## [THE TASK]
What is needed is every line, exactly as given, from the line containing "Apple Music Logo" through the end of the data below.

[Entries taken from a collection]
<<<<

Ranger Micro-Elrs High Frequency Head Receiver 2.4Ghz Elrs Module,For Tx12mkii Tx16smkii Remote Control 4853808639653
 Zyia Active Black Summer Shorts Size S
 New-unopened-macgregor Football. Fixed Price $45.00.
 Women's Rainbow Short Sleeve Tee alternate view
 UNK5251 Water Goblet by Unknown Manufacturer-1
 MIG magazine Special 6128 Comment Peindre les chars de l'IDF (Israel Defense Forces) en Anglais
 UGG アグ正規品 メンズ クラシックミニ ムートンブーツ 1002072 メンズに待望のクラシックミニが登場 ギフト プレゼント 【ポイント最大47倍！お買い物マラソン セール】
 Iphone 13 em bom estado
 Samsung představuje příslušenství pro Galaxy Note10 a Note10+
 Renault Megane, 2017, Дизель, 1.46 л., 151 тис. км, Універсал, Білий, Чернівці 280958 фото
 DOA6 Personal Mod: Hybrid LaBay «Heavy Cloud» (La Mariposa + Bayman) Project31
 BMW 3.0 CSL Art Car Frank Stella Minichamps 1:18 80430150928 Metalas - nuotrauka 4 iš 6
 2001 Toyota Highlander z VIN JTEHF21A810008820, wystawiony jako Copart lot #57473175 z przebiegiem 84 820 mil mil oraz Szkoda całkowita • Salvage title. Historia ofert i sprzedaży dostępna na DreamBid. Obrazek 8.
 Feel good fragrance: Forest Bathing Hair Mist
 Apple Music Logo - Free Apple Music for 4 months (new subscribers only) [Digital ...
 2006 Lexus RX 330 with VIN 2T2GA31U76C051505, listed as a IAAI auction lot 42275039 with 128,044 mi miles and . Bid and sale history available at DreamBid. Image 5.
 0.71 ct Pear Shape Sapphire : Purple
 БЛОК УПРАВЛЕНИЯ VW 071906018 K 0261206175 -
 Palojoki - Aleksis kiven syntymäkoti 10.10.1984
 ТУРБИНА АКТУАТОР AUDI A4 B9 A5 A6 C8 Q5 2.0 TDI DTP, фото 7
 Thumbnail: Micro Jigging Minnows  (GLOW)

>>>>

## [EXERCISE SOLUTION]
 Apple Music Logo - Free Apple Music for 4 months (new subscribers only) [Digital ...
 2006 Lexus RX 330 with VIN 2T2GA31U76C051505, listed as a IAAI auction lot 42275039 with 128,044 mi miles and . Bid and sale history available at DreamBid. Image 5.
 0.71 ct Pear Shape Sapphire : Purple
 БЛОК УПРАВЛЕНИЯ VW 071906018 K 0261206175 -
 Palojoki - Aleksis kiven syntymäkoti 10.10.1984
 ТУРБИНА АКТУАТОР AUDI A4 B9 A5 A6 C8 Q5 2.0 TDI DTP, фото 7
 Thumbnail: Micro Jigging Minnows  (GLOW)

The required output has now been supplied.